Archived-At: <https://mailarchive.ietf.org/arch/msg/nfsv4/G-hKobARwUHu4myR20mQi6LX1S8>
Cc: "nfsv4@ietf.org" <nfsv4@ietf.org>
Subject: Re: [nfsv4] Fwd: New Version Notification for draft-dnoveck-nfsv4-rpcrdma-rtissues-01.txt
X-BeenThere: nfsv4@ietf.org
X-Mailman-Version: 2.1.17
Precedence: list
List-Id: NFSv4 Working Group <nfsv4.ietf.org>
List-Unsubscribe: <https://www.ietf.org/mailman/options/nfsv4>, <mailto:nfsv4-request@ietf.org?subject=unsubscribe>
List-Archive: <https://mailarchive.ietf.org/arch/browse/nfsv4/>
List-Post: <mailto:nfsv4@ietf.org>
List-Help: <mailto:nfsv4-request@ietf.org?subject=help>
List-Subscribe: <https://www.ietf.org/mailman/listinfo/nfsv4>, <mailto:nfsv4-request@ietf.org?subject=subscribe>
X-List-Received-Date: Wed, 21 Sep 2016 01:27:54 -0000

> I'm not seeing that this is how it works on solaris unless I'm
> misunderstanding something.

Let's just go forward based on your presentation of what Solaris.

I think if you that are misunderstanding something, it is how RDMA WRITE
works on the wire.  I think you are assuming it works the way that I
thought it worked when I wrote rtissues-00.

Based on some comments I received, I switched to the different approach in
rtissues-01, which I now believe to be correct.  I want to make sure my
understaning is correct.  Of course rtissues-00 and rtissues-01 can bothe
be wrong but it is impossible for the both to be correct.

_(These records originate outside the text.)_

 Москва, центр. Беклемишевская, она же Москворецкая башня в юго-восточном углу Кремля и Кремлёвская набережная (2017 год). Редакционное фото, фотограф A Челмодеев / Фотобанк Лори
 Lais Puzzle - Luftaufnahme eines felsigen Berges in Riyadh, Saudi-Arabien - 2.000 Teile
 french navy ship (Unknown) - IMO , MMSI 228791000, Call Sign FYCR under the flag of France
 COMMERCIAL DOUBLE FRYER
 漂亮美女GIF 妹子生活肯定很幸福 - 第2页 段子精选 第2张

>We can potentially issue multiple RDMA_WRITES for one NFS
> READ, but we do wait for the last RDMA_WRITE to complete,

The question is if you get the completion indication when do you get it?  I
(as of rtissues-01) believe that it means send of the RDMA data has
finished and it does't mean the data has actually been stored on
the destitution.  For that to happen there would have to be an additional
internode round trip which rtissues-01 says doesn't exist.  rtissues-00,
supposed that it did exist but my current understanding is that that is
wrong.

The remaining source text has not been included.